• [Task statement]: Apart from the pictures, every part of the records below gets retyped exactly.

• [Records for the task]:
#####
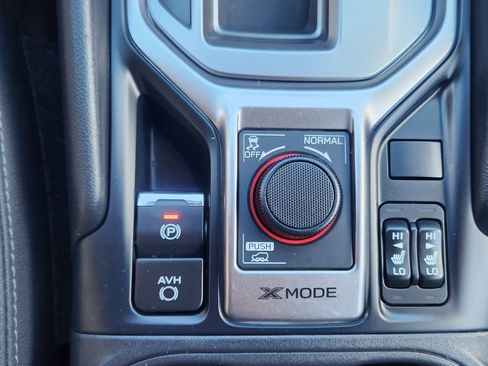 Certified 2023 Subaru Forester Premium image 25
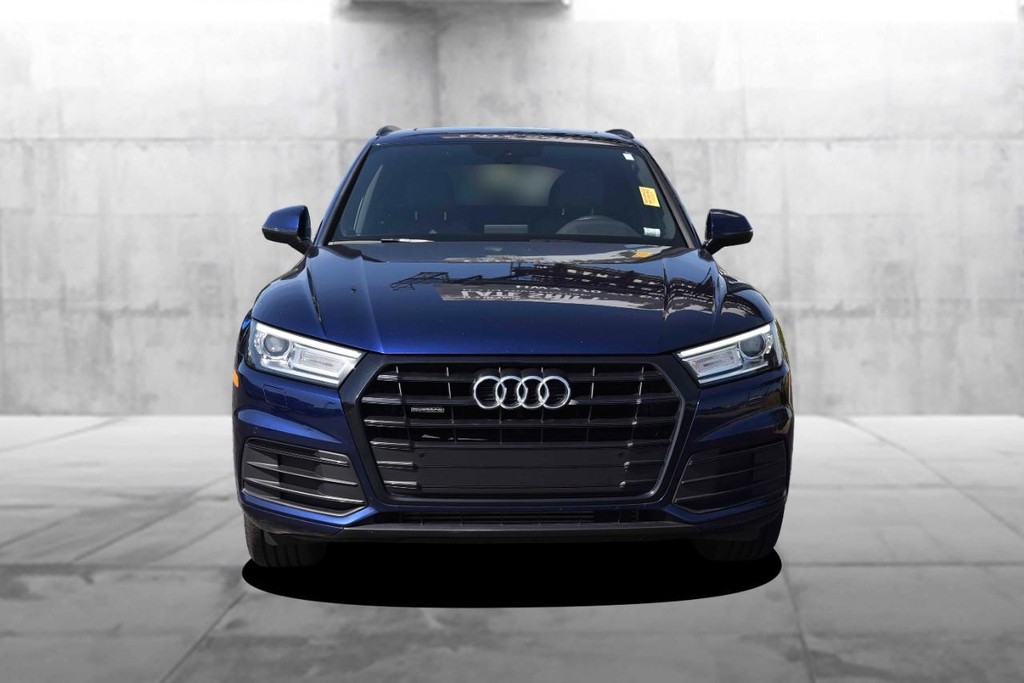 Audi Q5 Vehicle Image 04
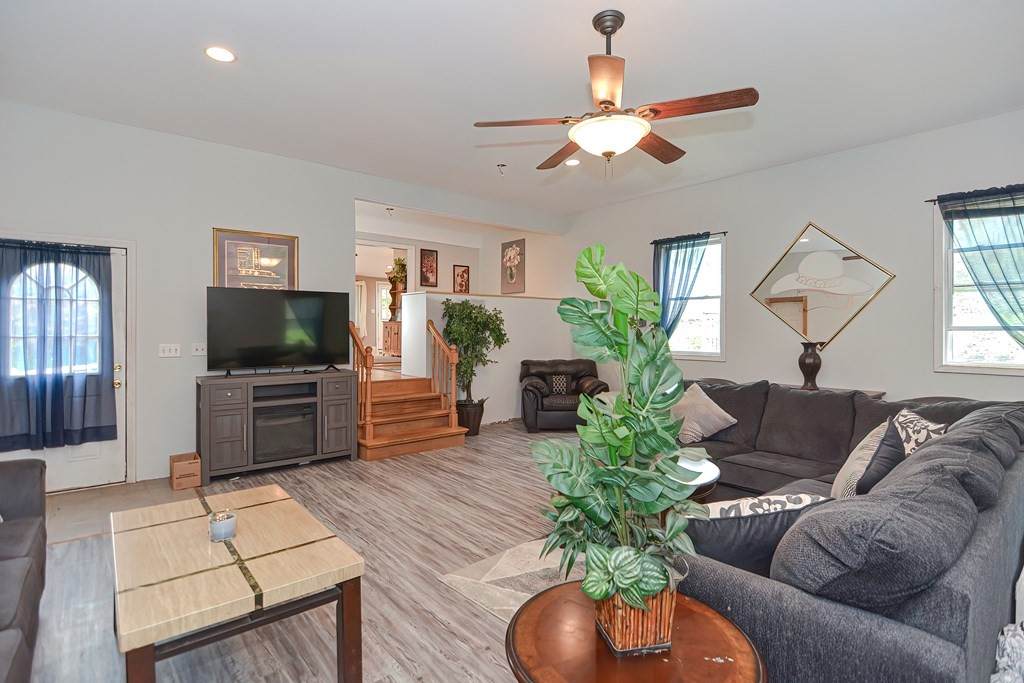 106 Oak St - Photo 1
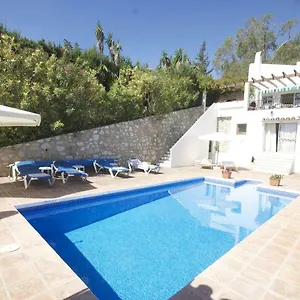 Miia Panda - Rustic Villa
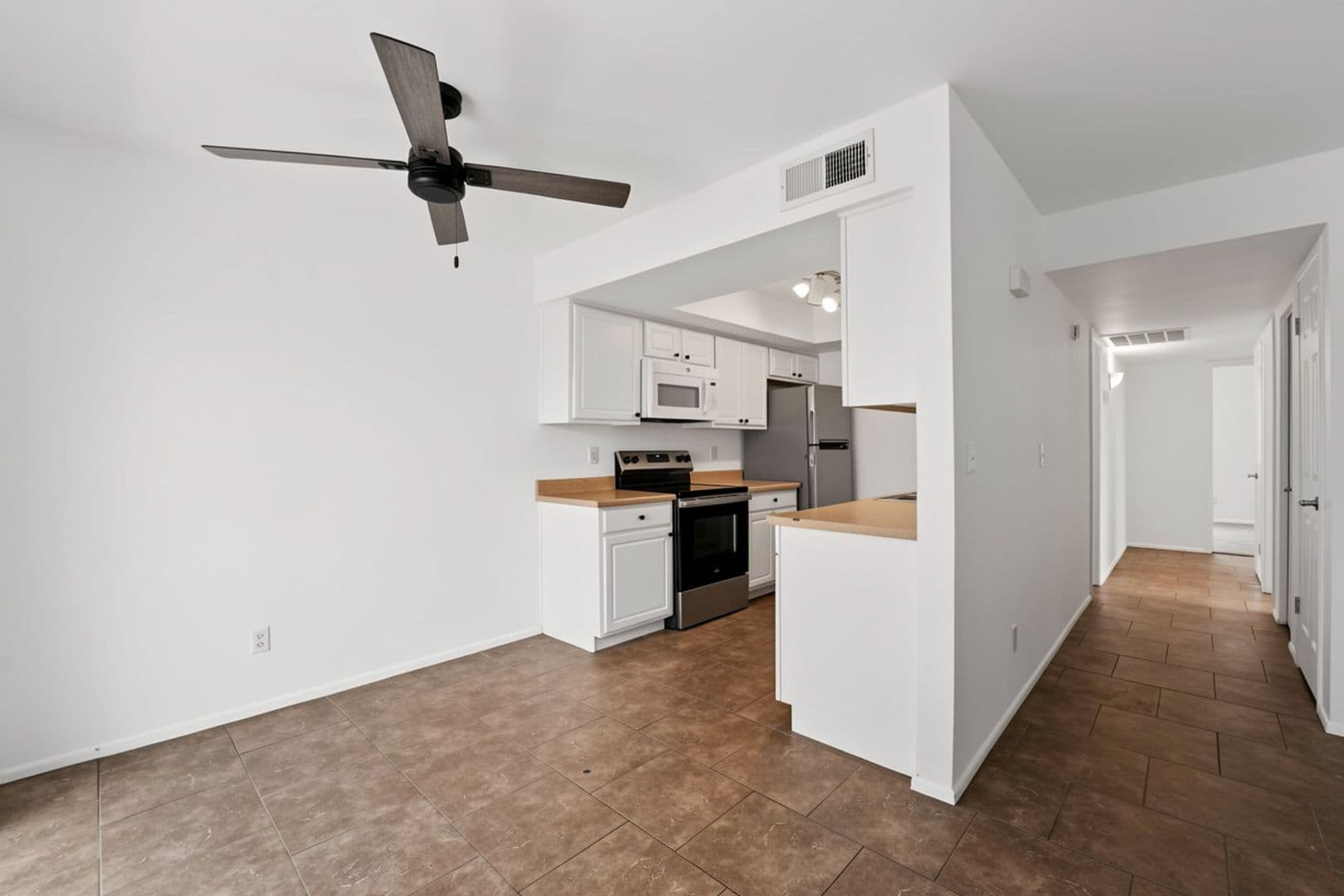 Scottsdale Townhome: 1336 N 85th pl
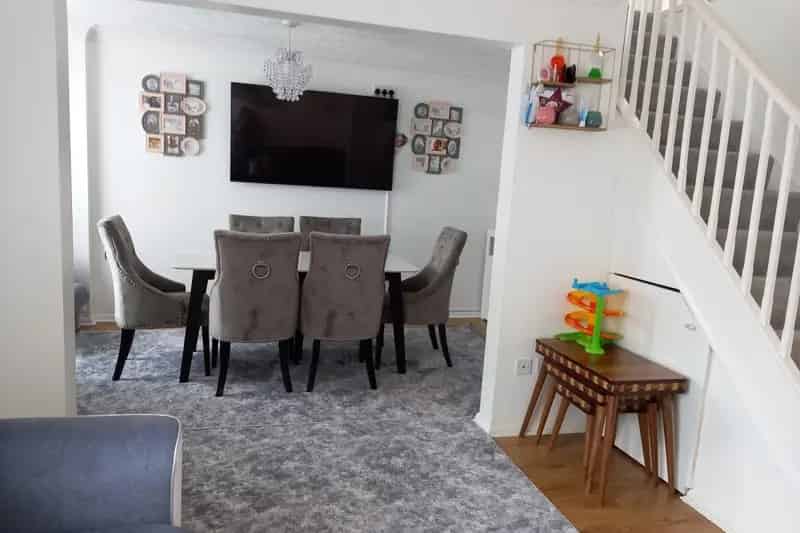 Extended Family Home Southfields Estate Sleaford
#####
• [Answer to the exercise]:
 Certified 2023 Subaru Forester Premium image 25
 Audi Q5 Vehicle Image 04
 106 Oak St - Photo 1
 Miia Panda - Rustic Villa
 Scottsdale Townhome: 1336 N 85th pl
 Extended Family Home Southfields Estate Sleaford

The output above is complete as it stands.